Busy kiwi 'boys' help secure nest egg
01 May 2009
Not all kiwi families have been affected by the recession - gloom and doom hasn’t reached New Zealand’s Ruahine Ranges where it’s been a bumper breeding season for eastern North Island brown kiwi.
Department of Conservation (DOC) rangers say ‘Rua’ and ‘Black’, two adult male kiwis fitted with transmitters have been busy boys this breeding season.
Between October 2008 and February 2009, their nests were each ‘raided’ twice, resulting in four fertile eggs and two chicks being lifted from the Ruahine Corner area.

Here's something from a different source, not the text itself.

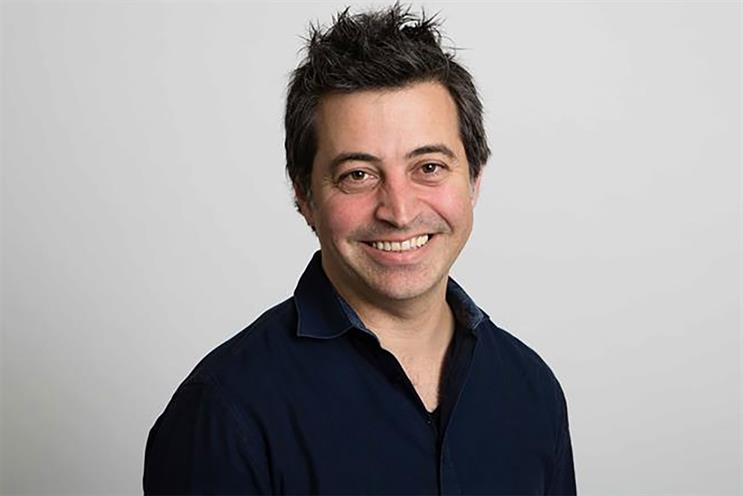 Lucas Peon: joins JWT London as digital executive creative director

Kiwi eggs and young chicks are extremely vulnerable to predators such as stoats and rats.
Operation Nest Egg (ONE)
The kiwi dads Rua and Black are part of Operation Nest Egg (ONE), a programme that aims to increase kiwi survival rates by removing eggs from the wild, and away from predators, to hatch them in captivity.

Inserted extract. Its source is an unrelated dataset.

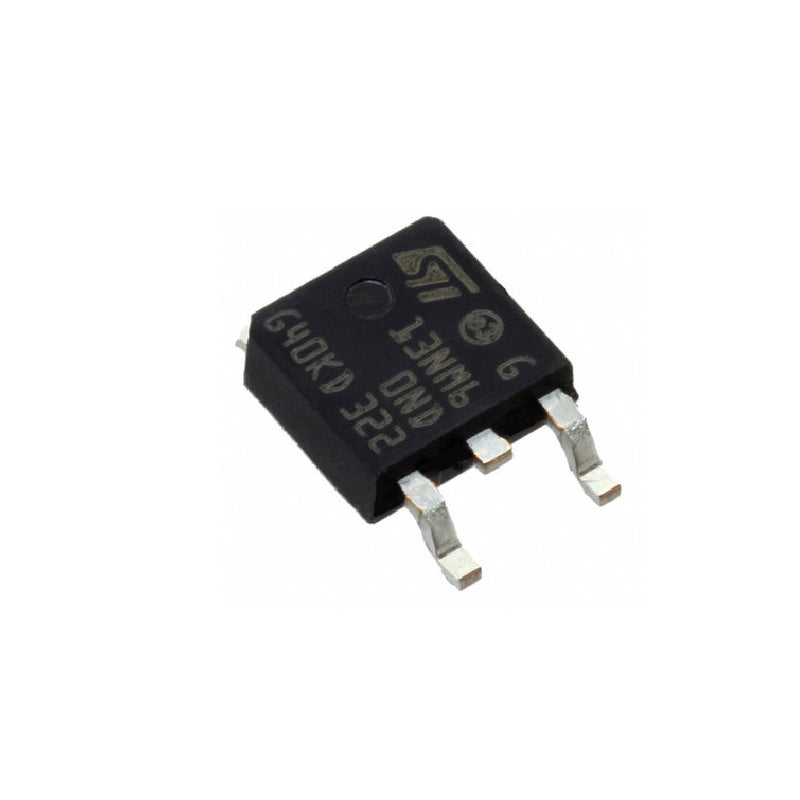 Hot Sale SMD channel field effect STD13NM60N new original ic chip intergrated circuit a2v64s40ctpg6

In Hawke’s Bay, DOC is working with the Aorangi Awarua Trust and the Cape Kidnappers Wildlife Preserve to help boost Ruahine kiwi numbers.
Adult male kiwis are fitted with transmitters so their breeding behaviour can be monitored.
Egg lifters must locate the nests, and then wait for kiwi to go and feed at night, before removing the eggs.
Breeding programme progress
Once chicks reach over 800g in weight, they are better able to defend
themselves against stoats and are released back into the wild.
Four Ruahine kiwi chicks have been released back into the ranges over the last two breeding seasons, with three more from this season destined for the Cape Kidnappers Wildlife Preserve.
DOC says it plans to put radio transmitters on at least two more male kiwis in the northwest Ruahines in the future.
Recent work in the area has included extending the stoat trap-line into a new area on Aorangi Awarua Trust land. This is the second extension to the original 20km trap-line that is monitored monthly by volunteers.
Whio / blue duck
Stoat trapping also benefits whio / blue duck. The Ruahine Ranges are now the southernmost North Island home to this species, which was once widespread across the whole country.
The native ducks are threatened by habitat loss and predation. However, recent community projects like the Te Potae o Awarua stoat trap-line and the NZ Deerstalkers Association Oroua Blue Duck Protection Project offer hope for whio and other native bird species in the Ruahines.